Not all are happy accepting this though. Tim Bonner, chair of the Countryside Alliance, is quoted in the same piece saying that the proposal is “largely pointless” and makes claims that the government does “little to tackle the epidemic of hare poaching”. This rhetoric is echoed in a statement published by the Countryside Alliance, which focuses on hare coursing and “associated trespass and criminality”.
These concerns for hares seem hollow considering the bloodsport lobby group’s opposition to the Hunting Act 2004, which would decriminalise the hunting of hares using packs of hounds.
The Ban
The Citro spoke to Sue Alderman, chair of the Hare Preservation Trust (HPT) about issues surrounding the protection of brown and mountain hares. She confirmed the severity of the decline of the species:
In 1880, the hare population was estimated to be 4 million. By 1995 this had dropped to c.800,000 – a national decline of over 80%.

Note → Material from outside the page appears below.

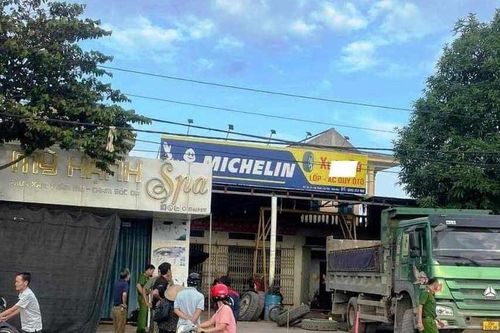 Nổ lốp ô tô khiến 2 người tử vong ở Ninh Bình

The proposal to introduce a closed season for brown hares is not a new idea, Alderman explains:
Many groups and individuals have been campaigning for this for several years. Following the decline in brown hare numbers, they became subject to a Biodiversity Action Plan in 1995. This sought to double their spring numbers by 2010 and increase leveret survival – these aims have never been achieved.
However, a closed season wouldn’t solve the problem. Even though this would be welcomed by the HPT, Alderman has realistic concerns about how people may react:
It’s possible that landowners would shift their shooting calendar to cull hares later in the year, or apply for licences to shoot during the closed season.
This concern would be specific to brown hares. The law would protect mountain hares year round. Alderman explains why mountain hares would gain stronger protective status:
After culls take place, hare populations recover their numbers by the inward migration of hares from surrounding groups. However, English mountain hares are entirely cut off from other populations and [because of this] continued unregulated shooting is unsustainable.
Game shooting is most often associated with pheasants, partridges and grouse, but some may not realise that hares also fit into the category and are also consumed for their meat. The scale of hare shooting may also be surprising to many.
“to die a slow and agonising death”
Bonner made a bold statement in response to the news, saying that “there is little evidence of hares being culled in large numbers during the breeding season”. This rhetoric is echoed in a ShootingUK article, which quotes Shooting Times contributor Ed Cole:
The old fashioned hare shoot has become a thing of the past
Alderman counteracts this by stating:
Around 300,000 brown hares are shot annually. It is currently legal to shoot hares all year round, including throughout the main breeding season from February until September.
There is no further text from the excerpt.